Mysql – Investigating RDS MySQL 8.0.16 stalls on write-heavy workload

MySQLmysql-8.0performance-tuning

I'm trying to track down some sporadic and difficult-to-reproduce issues with a MySQL 8.0.16 RDS instance connected to a web application with a write-heavy workload on a couple tables with large JSON columns. One table has ~3M rows, average row length is ~120kb, like 350GB of data total, almost all on the clustered index. The other has ~12M rows, average row length is ~20kb. The workload is like 80% INSERT and INSERT ON DUPLICATE KEY UPDATE, with some SELECTs and DELETEs. We don't run any JOINs or complicated SELECTs that could be bogging everything else down.

The issue is:

For brief periods, like 1-20 seconds, once or twice every couple weeks, all INSERT, IODKU, and DELETE queries appear to be totally unresponsive. Write latency spikes, dirty pages spike, network transmit (but not receive) spikes, everything shows up in the slow query log, and then the issue resolves itself and everything returns to normal. We have a heavily seasonal traffic pattern and this issue first appeared on day 2 of our busy season. I'm hoping to track it down before the last week of the season which will have a few days of very high, sustained traffic.
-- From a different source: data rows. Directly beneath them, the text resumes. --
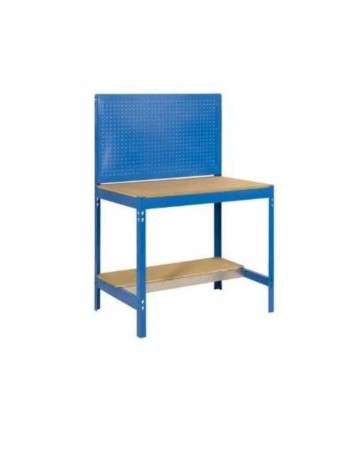 BANCO DE TRABAJO MT2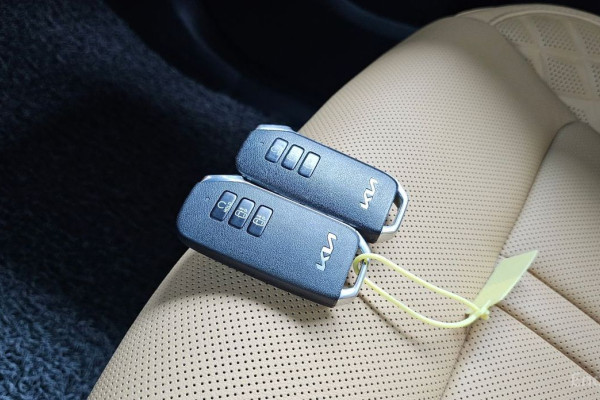 2022 Kia Sorento с пробегом 55 830 км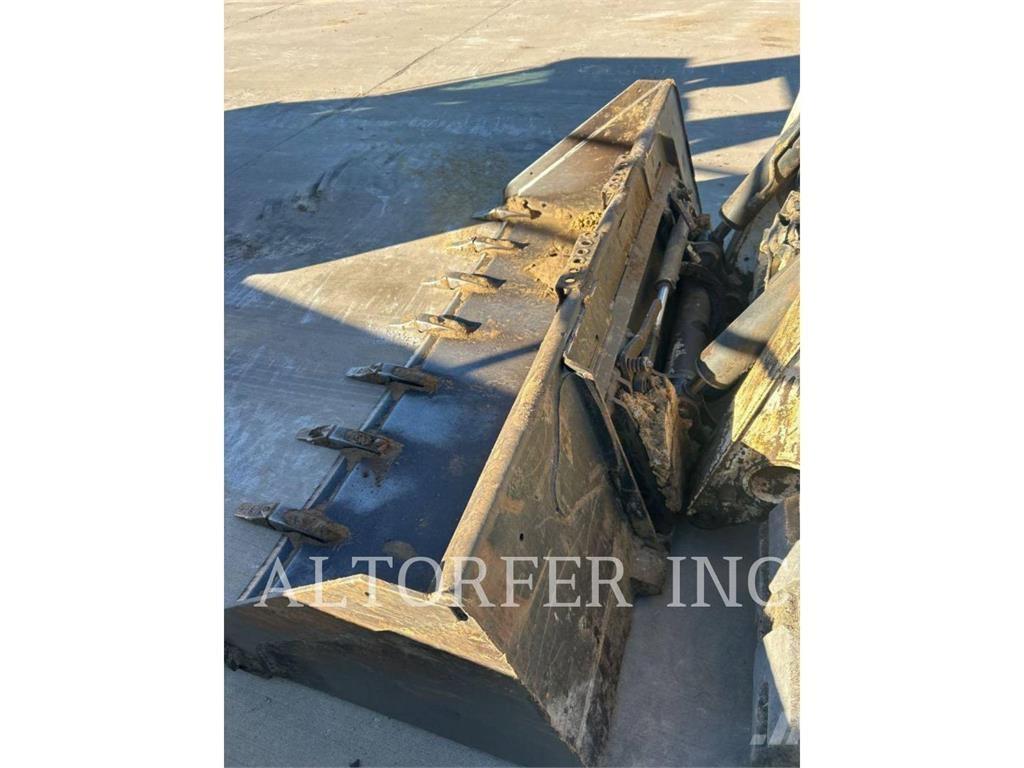 Bobcat T770 Kompaktrakodók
I have pt-stalk watching production and caught maybe a smaller version of one of these when Threads_running spiked up to ~150 (usually it's less than 10). Of course, since it's RDS we don't have the diskstat/iostat/netstat output or anything, and the CloudWatch Metric intervals are too wide to tell me anything, but have a lot of information from SHOW ENGINE INNODB STATUS and SHOW GLOBAL STATUS which I'm struggling to sift through. So far, the thing that stood out most was the File I/O part of the innodbstatus output during this Threads running spike:

Pending normal aio reads: [0, 0, 0, 0] , aio writes: [27, 25, 21, 20] ,
 ibuf aio reads:, log i/o's:, sync i/o's:
Pending flushes (fsync) log: 1; buffer pool: 6251
138942220 OS file reads, 8230899625 OS file writes, 1653263701 OS fsyncs
5.60 reads/s, 16384 avg bytes/read, 1975.05 writes/s, 215.99 fsyncs/s

Most of the time we have 0 pending aio writes so that stood out to me.
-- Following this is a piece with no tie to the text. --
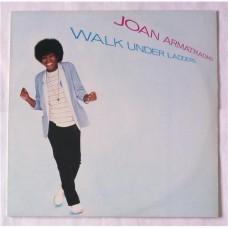 Joan Armatrading – Walk Under Ladders / AMLH 64876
Most of our innodb parameters are at default levels. I've tried bumping innodb_log_file_size to 10GB (since we write about 287 MB/min according to polling changes in Innodb_os_log_written and everybody says we should have an hour of redo) but that doesn't seem to have any effect when I run performance tests in a non-production environment. Production is still at the default for our version of MySQL (128MB).

Other important settings:

innodb_buffer_pool_size 48318382080
innodb_flush_log_at_trx_commit  1
innodb_flush_method O_DIRECT
innodb_flush_neighbors  0
innodb_io_capacity  200
innodb_io_capacity_max  2000
innodb_log_buffer_size  8388608
innodb_max_dirty_pages_pct  90.000000
innodb_max_dirty_pages_pct_lwm  10.000000

RDS is specced out like so:

64 GB RAM
16 vCPU
4096 GiB General Purpose (SSD)

To try and come up with a concrete question:

  1. Is it normal/expected to see pending aio writes like in that INNODB STATUS output?
  2. We got up to like 8000 write IOPS according to CloudWatch when the incidents occurred — does that mean innodb_io_capacity_max is too low at 2000?
  3. Do RDS specs look appropriate?
  4. What can I look at to pin this down further as either a configuration issue, a hardware issue with the RDS SSD, or a spec issue with the instance?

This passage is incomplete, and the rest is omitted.